Mais ventes d'actions ne rime pas forcément avec retraite. «J'ai commencé en agence en 1975, dit-il. Ça a passé vite. Je suis en santé, mais il y en a moins devant. Et il y a des choses que je veux faire vraiment. Les côtés opérationnel et exécutif de mon travail sont moins plaisants. Je vais plutôt passer du temps dans le processus de création d'idées et dans la stratégie de conquête de mandats. Je veux aussi avoir des moments de réflexion pour faire évoluer l'agence. Quand on vend ses actions, on a plus de distance et on peut penser plus à long terme. Je veux assurer une pérennité à BCP et permettre à Publicis Canada d'autres types de croissance. Quand on a 30% des actions (de Publicis), on ne planifie pas les acquisitions de la même façon.»

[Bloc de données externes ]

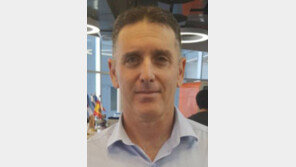 “토론 없는 한국의 기업문화 이해안돼… 경직된 조직선 창의적 스타트업 불가능”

Yves Gougoux se recolle à la création alors que la part des revenus liée au numérique est destinée à croître chez Publicis et BCP. «On s'en va dans une autre dimension, dit Yves Gougoux. Le métier a changé beaucoup depuis cinq ans. La moitié des revenus de Publicis proviennent du numérique. Maurice Lévy (PDG de Publicis Groupe) prévoit que ce sera 75% d'ici trois ou quatre ans.»

L'heure est néanmoins au bilan d'une carrière menée intensément de Montréal à Paris en passant par Toronto et Chicago. D'aucuns diront que c'est un publicitaire dur et intransigeant qui vient de laisser la direction des deux agences. Le principal intéressé préfère dire franc, pragmatique et intense. «Mon père médecin était comme ça, souligne Yves Gougoux. On a souvent dit que j'étais dur, mais jamais mes collègues ni mes clients. C'est vrai que je n'ai pas été aimé, mais j'ose espérer que c'était professionnel. Quand je suis en mode conquête, je donne tout ce que j'ai. Il faut être convaincu qu'on va gagner. Ce n'est pas que je suis méchant, mais une présentation pour obtenir le compte publicitaire d'un client is serious business.»

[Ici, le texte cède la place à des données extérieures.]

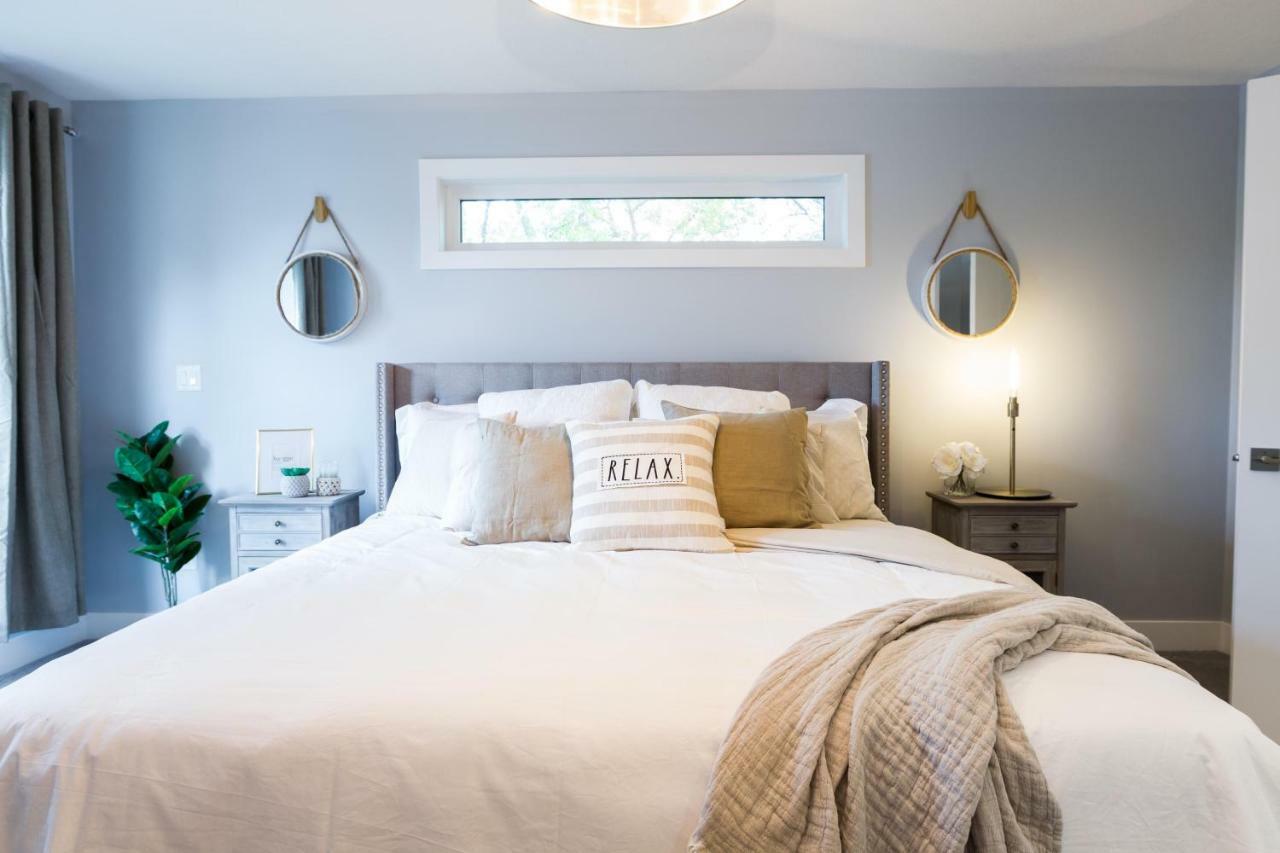 Contemporary Farmhouse Home - King Bed - Double Garage Parking - Free Wifi & Netflix - Long Stays Welcome Edmonton Eksteriør billede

Son tempérament «professionnel» a été façonné à coups d'acquisitions de grands comptes, de tentatives d'achats d'agences et de développement aux États-Unis et en Europe, couronnés de succès ou qui se sont soldés par des échecs. Notamment lorsqu'il a tenté de propulser BCP, première agence francophone créée il y a 50 ans par Jacques Bouchard, au-delà de nos frontières. «Mon Dieu que j'ai essayé d'amener BCP à Toronto dans les années 80! lance Yves Gougoux. J'ai fait des erreurs. Ce fut lourd, douloureux, coûteux. J'ai acheté de petites agences sans succès. C'était compliqué. Il y a eu des conflits, la revente d'actions...»

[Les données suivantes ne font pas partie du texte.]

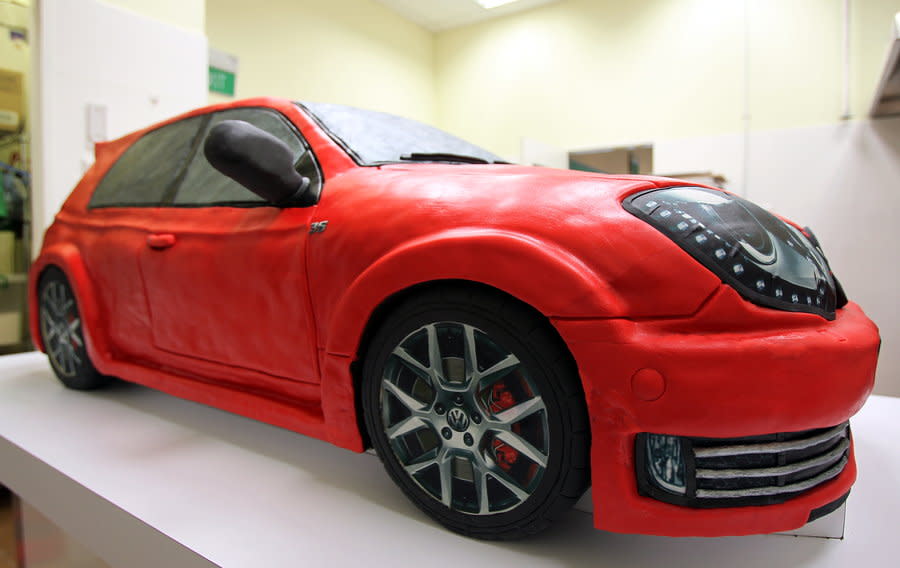 5 Photos of VW Golf Car Shaped Cakes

Idem au moment de l'ouverture d'une agence de pub à Paris, en 1991. «On avait de beaux comptes publicitaires, mais on était des étrangers et on avait une feuille de route limitée, affirme Yves Gougoux. Ça aurait pris beaucoup d'argent pour y arriver. En 1995, j'ai donc appelé Maurice Lévy pour disposer de cette agence. Et il m'a répondu: Non, mon projet c'est d'être au Canada!» Ainsi naissait Publicis Canada en 1996.

S'il dit qu'il faut mettre du temps avant de se sentir prêt à délaisser la direction d'une agence, Yves Gougoux vend l'esprit en paix ses actions de Publicis et BCP qui ne font qu'une à ses yeux. «J'ai constitué une équipe solide à Montréal, dit-il. On a fait des gains substantiels depuis trois ans: Chrysler Canada, Metro, Budweiser, Coca-Cola, Cascades. Depuis trois mois, il y a eu Poste Canada, Westjet et Dairy Queen. Les chiffres sont bons. On a une croissance dans les deux chiffres soutenues depuis 2009 ou pas loin.»

Quant à BCP, agence mythique, autrefois la plus importante au Québec, a-t-elle encore sa raison d'être? «BCP a connu des hauts et des bas, admet Yves Gougoux. Aujourd'hui, elle est encore en vie et détient des comptes nationaux. Elle va être énergisée. Et Publicis a besoin de cette deuxième marque, pour certains comptes. Il n'a jamais été question de fermer BCP.»